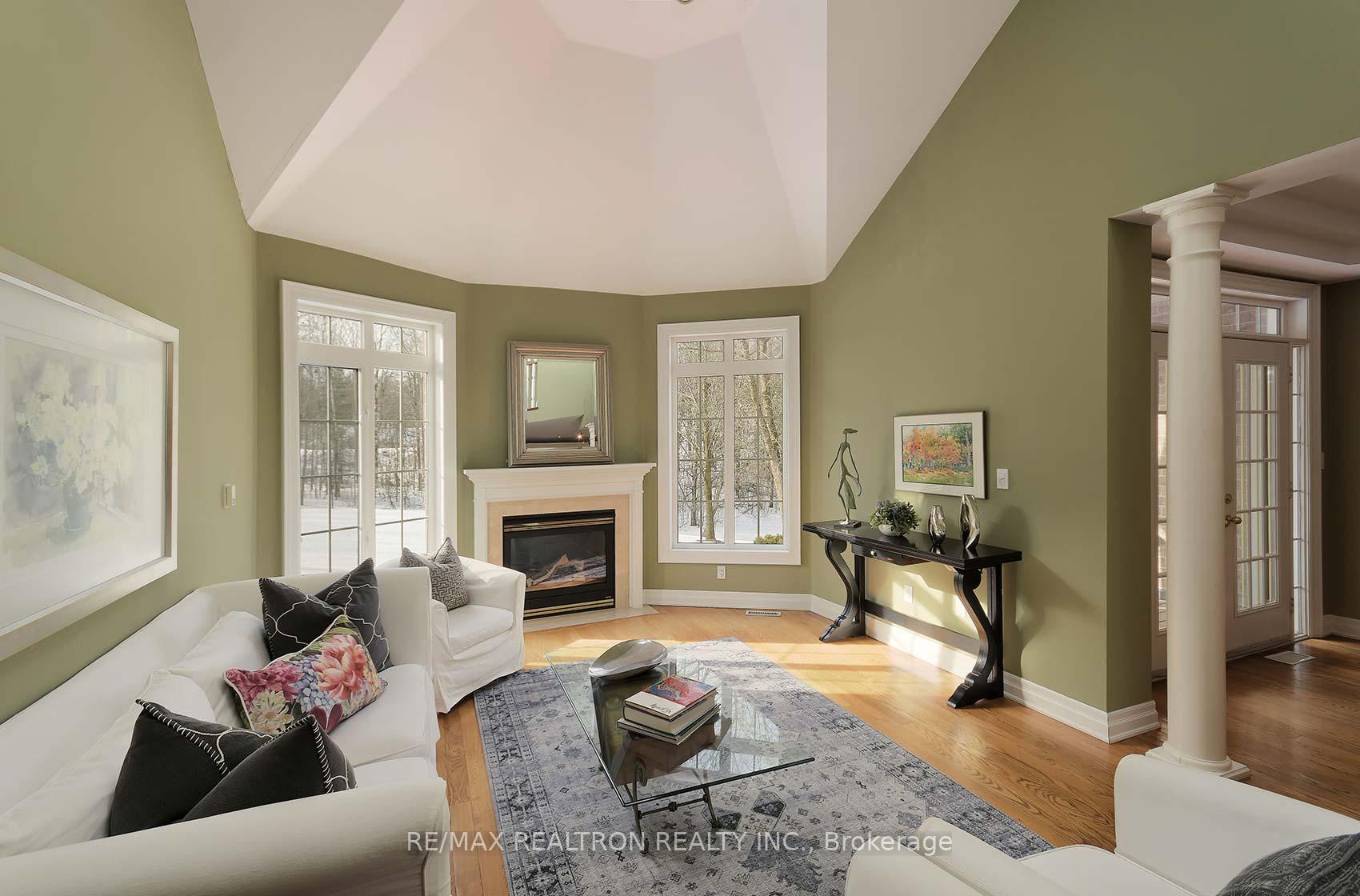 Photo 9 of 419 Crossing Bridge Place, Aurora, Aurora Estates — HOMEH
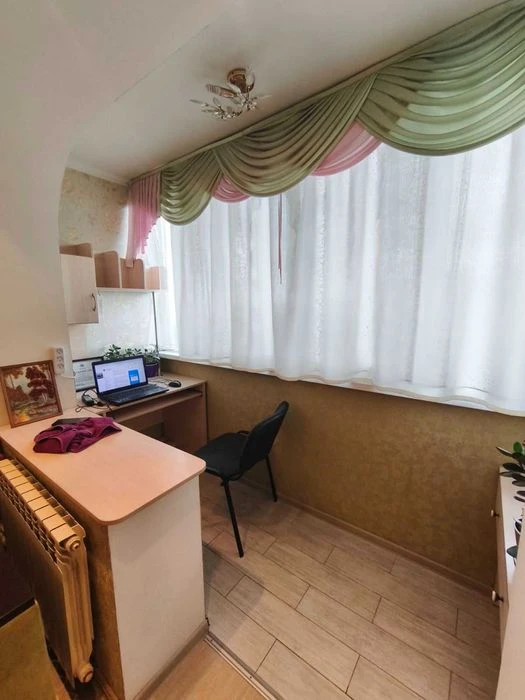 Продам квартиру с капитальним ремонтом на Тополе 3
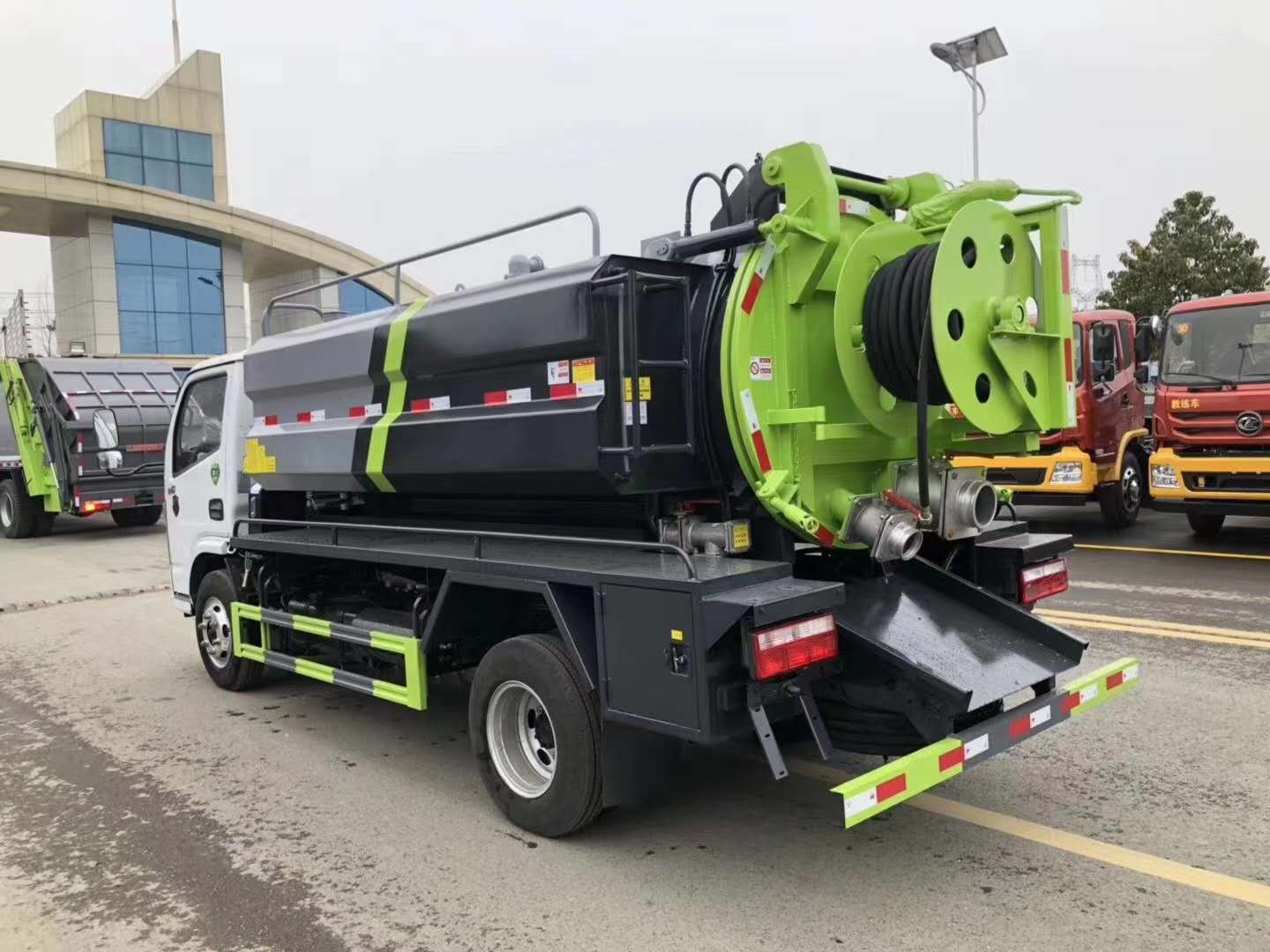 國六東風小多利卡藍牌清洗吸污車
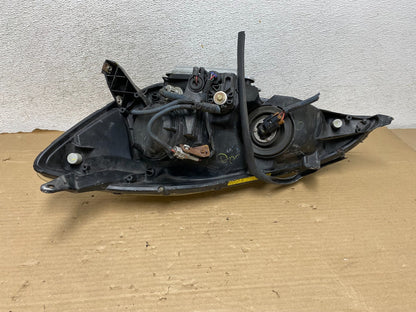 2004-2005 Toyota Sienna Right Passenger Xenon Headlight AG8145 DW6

...

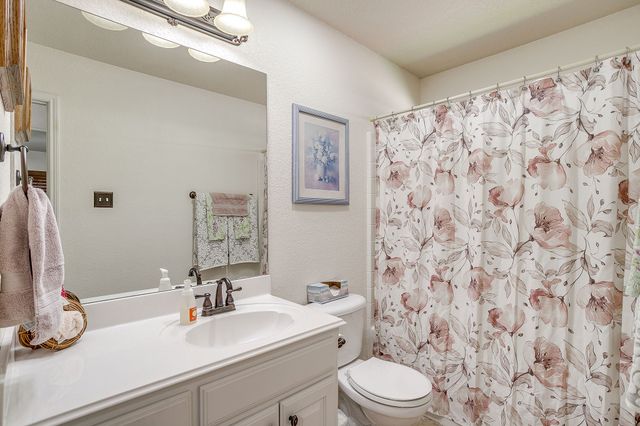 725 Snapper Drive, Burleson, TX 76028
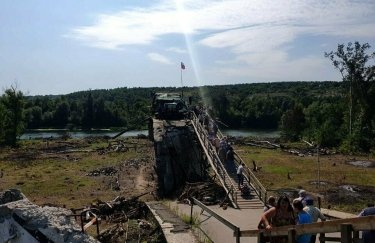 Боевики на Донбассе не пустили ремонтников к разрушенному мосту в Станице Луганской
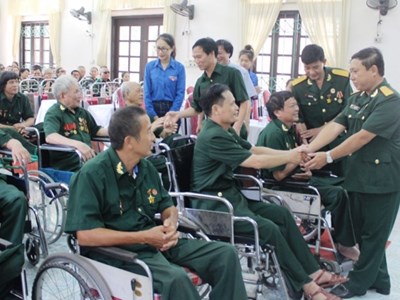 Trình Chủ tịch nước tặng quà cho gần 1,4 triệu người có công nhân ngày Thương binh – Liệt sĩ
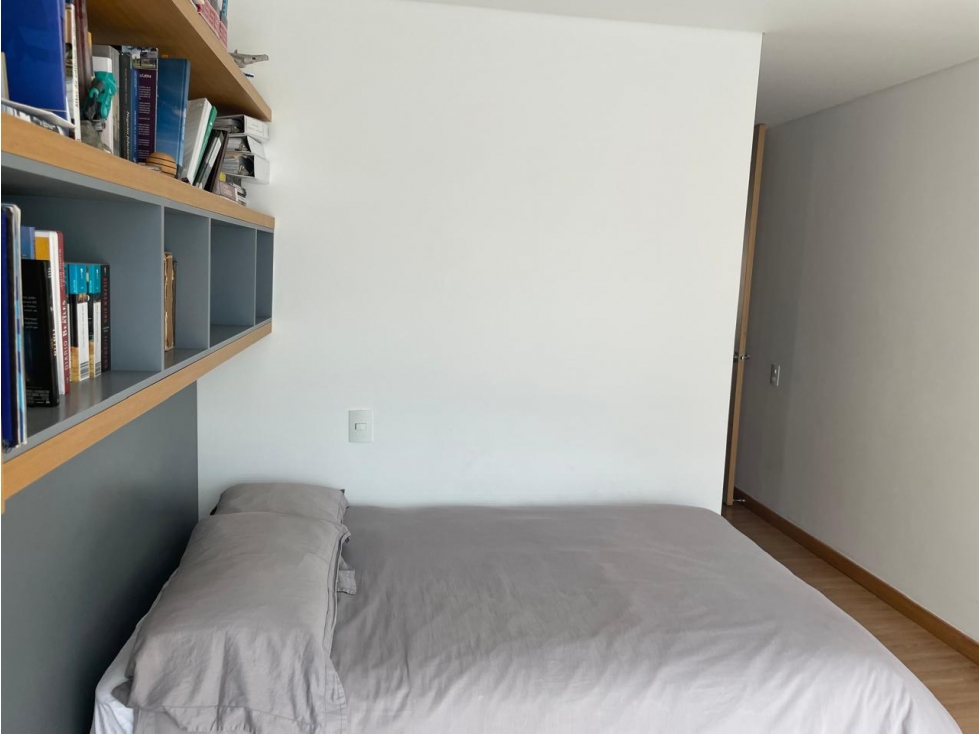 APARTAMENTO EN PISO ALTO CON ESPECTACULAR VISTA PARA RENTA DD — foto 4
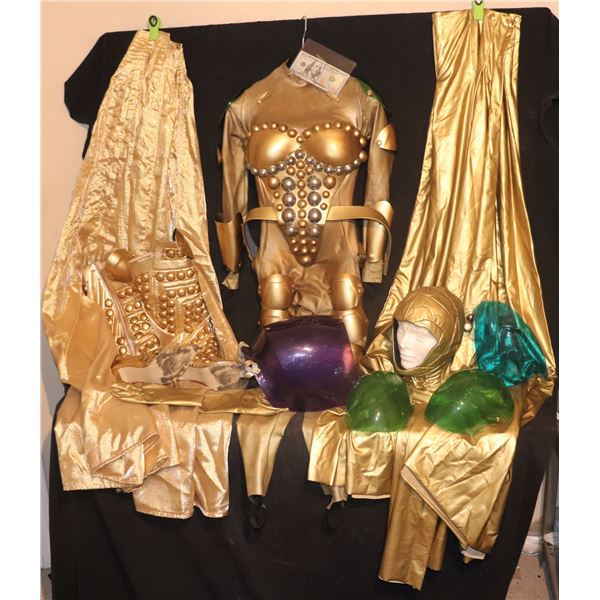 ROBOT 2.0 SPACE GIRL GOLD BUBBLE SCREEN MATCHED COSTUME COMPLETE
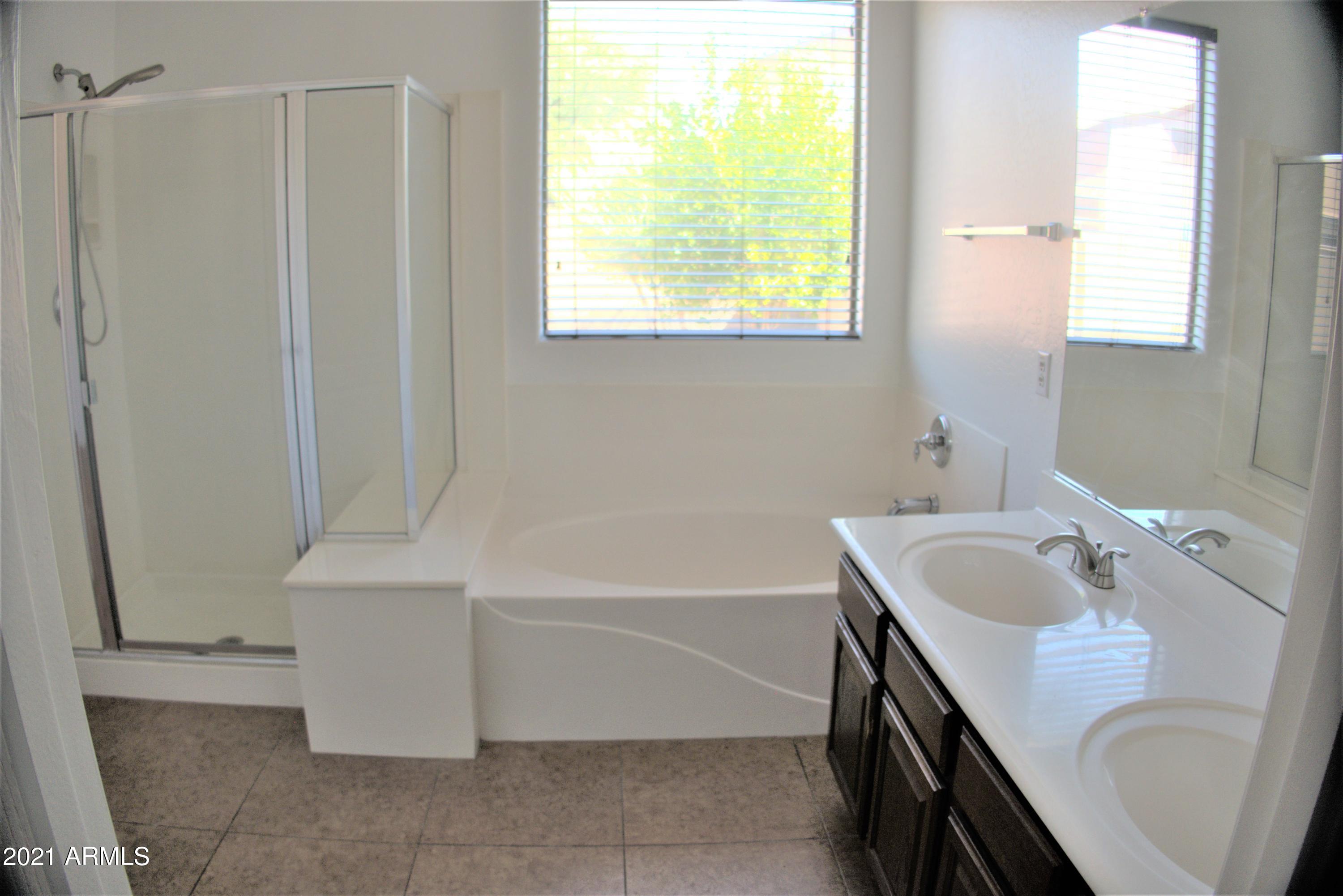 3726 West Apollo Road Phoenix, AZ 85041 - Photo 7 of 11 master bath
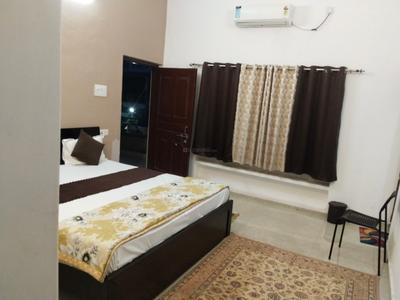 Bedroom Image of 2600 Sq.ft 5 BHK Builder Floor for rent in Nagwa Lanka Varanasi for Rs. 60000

...

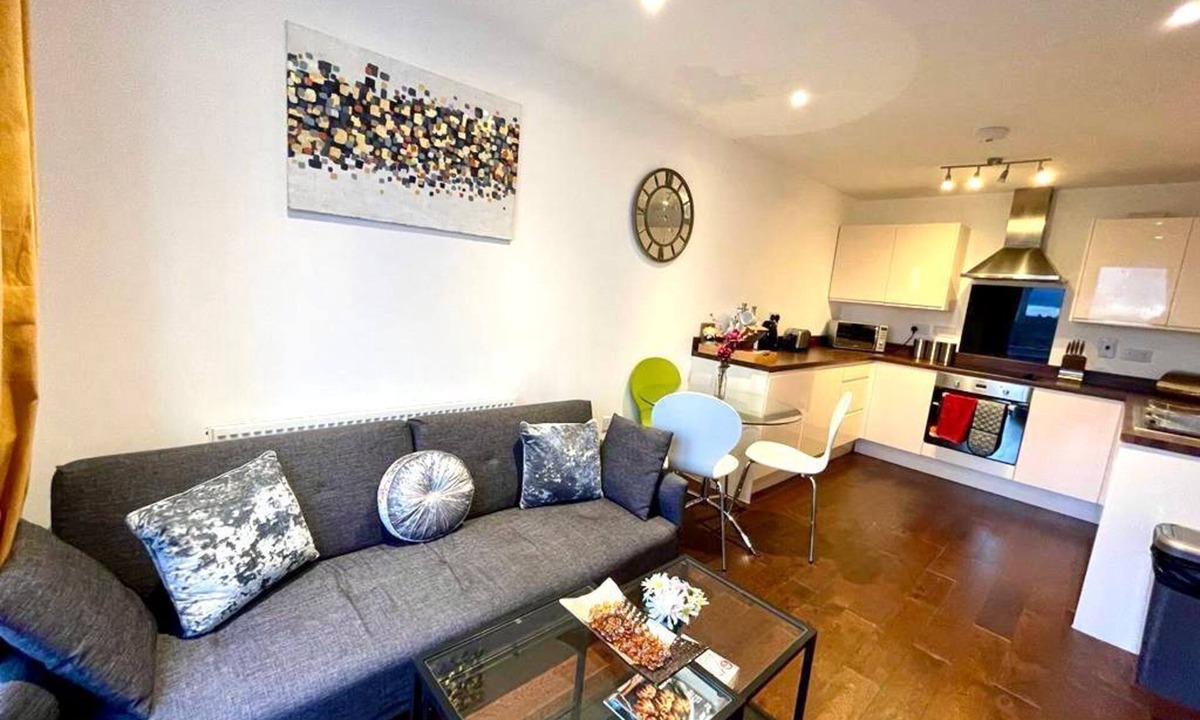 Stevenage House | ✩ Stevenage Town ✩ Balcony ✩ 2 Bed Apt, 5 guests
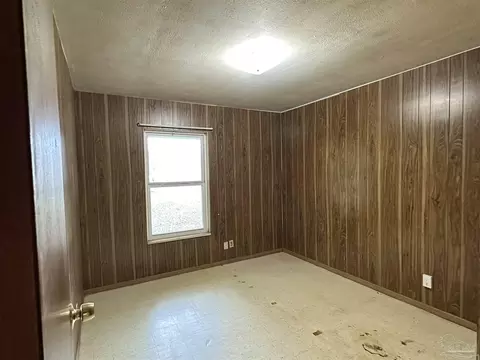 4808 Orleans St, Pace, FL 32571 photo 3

→ **What to produce**:
Among the entries above, take the lines from the one with "Stevenage House |" through the one with "4808 Orleans St, Pace, FL 32571 photo 3" and retype them exactly, leaving out the pictures.

→ **Answer section**:
 Stevenage House | ✩ Stevenage Town ✩ Balcony ✩ 2 Bed Apt, 5 guests
 4808 Orleans St, Pace, FL 32571 photo 3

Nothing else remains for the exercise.